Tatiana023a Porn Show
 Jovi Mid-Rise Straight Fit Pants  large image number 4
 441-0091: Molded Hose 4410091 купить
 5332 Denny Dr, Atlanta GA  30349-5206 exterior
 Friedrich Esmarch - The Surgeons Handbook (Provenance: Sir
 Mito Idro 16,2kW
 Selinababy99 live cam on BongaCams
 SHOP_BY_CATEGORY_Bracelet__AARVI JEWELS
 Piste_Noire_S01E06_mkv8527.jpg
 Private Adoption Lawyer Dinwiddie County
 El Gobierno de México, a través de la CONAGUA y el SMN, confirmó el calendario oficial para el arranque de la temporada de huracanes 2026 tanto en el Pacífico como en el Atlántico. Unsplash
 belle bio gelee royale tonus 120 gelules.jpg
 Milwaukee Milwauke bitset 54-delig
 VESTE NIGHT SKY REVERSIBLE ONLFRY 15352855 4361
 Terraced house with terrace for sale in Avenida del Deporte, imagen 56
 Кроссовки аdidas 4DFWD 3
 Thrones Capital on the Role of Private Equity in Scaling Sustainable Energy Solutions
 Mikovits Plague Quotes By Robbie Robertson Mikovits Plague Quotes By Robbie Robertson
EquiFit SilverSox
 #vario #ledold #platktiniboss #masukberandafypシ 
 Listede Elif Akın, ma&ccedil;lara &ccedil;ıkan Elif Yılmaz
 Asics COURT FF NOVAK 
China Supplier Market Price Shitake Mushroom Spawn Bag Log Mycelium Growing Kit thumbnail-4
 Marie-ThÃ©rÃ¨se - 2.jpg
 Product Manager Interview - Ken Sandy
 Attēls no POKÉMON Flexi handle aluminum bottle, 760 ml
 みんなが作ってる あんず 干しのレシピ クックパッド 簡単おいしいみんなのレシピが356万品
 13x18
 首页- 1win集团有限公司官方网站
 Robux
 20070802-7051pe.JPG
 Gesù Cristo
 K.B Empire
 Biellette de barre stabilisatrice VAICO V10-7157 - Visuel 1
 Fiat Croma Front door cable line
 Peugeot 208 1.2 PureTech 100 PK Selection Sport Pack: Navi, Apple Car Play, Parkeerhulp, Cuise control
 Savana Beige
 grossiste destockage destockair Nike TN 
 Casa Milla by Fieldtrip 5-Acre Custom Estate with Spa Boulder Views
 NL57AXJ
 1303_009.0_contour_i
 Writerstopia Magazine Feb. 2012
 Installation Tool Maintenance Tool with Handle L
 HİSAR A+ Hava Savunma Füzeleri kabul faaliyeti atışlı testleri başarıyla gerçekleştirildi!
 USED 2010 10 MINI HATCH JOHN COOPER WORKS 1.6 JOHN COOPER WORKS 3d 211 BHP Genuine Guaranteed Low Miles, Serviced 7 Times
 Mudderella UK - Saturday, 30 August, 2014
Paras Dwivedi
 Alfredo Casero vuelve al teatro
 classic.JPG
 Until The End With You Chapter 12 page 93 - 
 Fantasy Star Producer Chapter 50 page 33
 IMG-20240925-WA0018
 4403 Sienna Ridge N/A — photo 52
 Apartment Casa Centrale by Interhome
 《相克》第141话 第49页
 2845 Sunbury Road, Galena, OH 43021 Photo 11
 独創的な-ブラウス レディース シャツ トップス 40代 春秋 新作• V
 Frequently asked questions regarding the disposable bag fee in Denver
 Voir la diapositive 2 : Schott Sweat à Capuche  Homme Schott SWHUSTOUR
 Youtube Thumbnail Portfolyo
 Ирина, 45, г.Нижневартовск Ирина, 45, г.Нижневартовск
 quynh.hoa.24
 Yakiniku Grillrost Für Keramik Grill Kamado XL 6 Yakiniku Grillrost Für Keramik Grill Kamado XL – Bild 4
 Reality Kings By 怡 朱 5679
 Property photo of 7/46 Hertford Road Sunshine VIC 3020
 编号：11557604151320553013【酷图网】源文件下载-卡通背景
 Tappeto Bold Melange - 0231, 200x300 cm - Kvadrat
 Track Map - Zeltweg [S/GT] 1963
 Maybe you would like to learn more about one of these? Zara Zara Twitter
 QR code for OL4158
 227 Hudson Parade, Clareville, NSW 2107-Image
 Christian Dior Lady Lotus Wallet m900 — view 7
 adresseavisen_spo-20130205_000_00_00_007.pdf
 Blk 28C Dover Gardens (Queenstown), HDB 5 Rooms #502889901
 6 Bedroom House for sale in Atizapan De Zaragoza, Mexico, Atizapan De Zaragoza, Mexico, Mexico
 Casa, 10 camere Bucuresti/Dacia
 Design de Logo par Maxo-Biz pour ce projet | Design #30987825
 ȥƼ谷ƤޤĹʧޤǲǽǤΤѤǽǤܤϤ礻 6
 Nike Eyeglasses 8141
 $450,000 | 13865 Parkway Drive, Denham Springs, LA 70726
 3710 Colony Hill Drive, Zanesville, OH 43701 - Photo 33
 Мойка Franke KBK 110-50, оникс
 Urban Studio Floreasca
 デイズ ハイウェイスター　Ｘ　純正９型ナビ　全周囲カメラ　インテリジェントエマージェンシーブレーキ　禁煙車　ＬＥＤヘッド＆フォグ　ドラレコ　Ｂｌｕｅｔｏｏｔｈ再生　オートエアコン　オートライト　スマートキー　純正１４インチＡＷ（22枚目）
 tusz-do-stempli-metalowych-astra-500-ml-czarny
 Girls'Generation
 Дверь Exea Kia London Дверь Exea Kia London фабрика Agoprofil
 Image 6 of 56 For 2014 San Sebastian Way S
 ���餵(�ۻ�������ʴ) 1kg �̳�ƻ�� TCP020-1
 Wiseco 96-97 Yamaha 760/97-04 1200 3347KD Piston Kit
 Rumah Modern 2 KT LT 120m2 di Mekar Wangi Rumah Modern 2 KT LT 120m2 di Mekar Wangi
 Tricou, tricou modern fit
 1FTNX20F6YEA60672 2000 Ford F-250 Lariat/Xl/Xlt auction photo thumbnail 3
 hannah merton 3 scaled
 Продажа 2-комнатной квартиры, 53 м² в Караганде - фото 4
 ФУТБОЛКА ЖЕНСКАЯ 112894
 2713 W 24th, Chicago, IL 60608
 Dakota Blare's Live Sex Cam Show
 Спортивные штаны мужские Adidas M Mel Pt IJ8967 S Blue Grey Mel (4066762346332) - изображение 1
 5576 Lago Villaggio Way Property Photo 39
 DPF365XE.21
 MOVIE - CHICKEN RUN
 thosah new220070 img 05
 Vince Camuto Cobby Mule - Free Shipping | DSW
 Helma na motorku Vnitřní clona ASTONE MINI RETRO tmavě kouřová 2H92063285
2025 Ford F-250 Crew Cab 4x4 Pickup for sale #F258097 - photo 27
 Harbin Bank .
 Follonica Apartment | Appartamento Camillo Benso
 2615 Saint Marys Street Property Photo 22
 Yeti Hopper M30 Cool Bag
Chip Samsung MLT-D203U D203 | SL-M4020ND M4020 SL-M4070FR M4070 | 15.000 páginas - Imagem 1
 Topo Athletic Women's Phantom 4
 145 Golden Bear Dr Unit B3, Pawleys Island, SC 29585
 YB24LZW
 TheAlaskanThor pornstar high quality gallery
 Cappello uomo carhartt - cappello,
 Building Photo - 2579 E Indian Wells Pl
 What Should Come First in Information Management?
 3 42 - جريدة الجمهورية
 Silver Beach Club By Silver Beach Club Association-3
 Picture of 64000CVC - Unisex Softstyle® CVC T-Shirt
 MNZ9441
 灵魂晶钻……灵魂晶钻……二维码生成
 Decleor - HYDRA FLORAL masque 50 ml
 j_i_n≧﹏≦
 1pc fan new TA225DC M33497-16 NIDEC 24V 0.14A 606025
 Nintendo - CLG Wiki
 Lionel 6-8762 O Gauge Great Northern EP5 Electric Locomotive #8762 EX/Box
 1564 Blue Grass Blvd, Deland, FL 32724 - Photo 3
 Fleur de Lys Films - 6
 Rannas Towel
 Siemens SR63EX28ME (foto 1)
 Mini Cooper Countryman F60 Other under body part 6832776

Task objective — In the entries above, find each line that has the word "Chapter". Copy it.

Solution below —
 Until The End With You Chapter 12 page 93 - 
 Fantasy Star Producer Chapter 50 page 33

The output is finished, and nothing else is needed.